The first Delta Roots was a tribute to Conway Twitty. "He lived here in the area," Jordan continues. "And then the second one, which was this year, was a tribute to Levon Helm," who grew up in Turkey Scratch, about 20 minutes from Helena-West Helena.

Not surprisingly, King Biscuit owes its execution to many volunteers — 400 plus, she says. The blues society has only three hired employees. "Everybody else in this organization is a volunteer ... . They all work like crazy. And they work all year long."

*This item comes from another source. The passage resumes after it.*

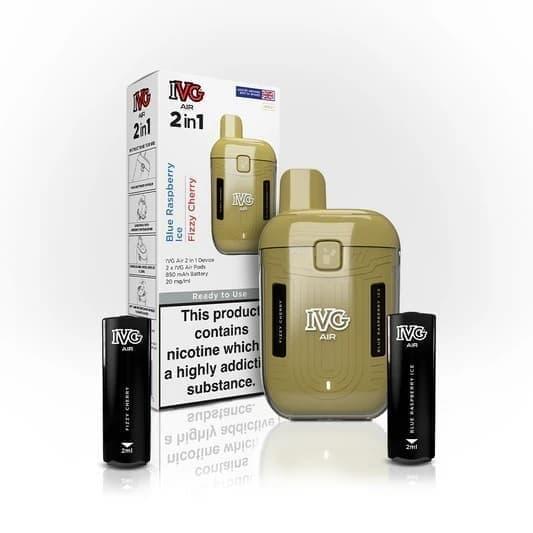 IBvape przewodnik 2026 - najlepsze promocje IBvape i sofly legnica oraz praktyczne porady zakupowe dla vaperów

This year's festival is a tribute to Bubba Sullivan, one the founders of King Biscuit Blues Festival and the president of the Sonny Boy Blues Society for some years. A tribute to him will begin at 3 p.m. Wednesday, with a Bubba Sullivan Memorial Jam, 7 p.m. "until."

Sullivan, Jordan says, "was just the wheel that kept the festival turning and going." He passed away in August 2021, at the age of 81. Wednesday's festivities will feature a program about him.

"A lot of the entertainers that loved him will be here on the stage to make testimonials to him."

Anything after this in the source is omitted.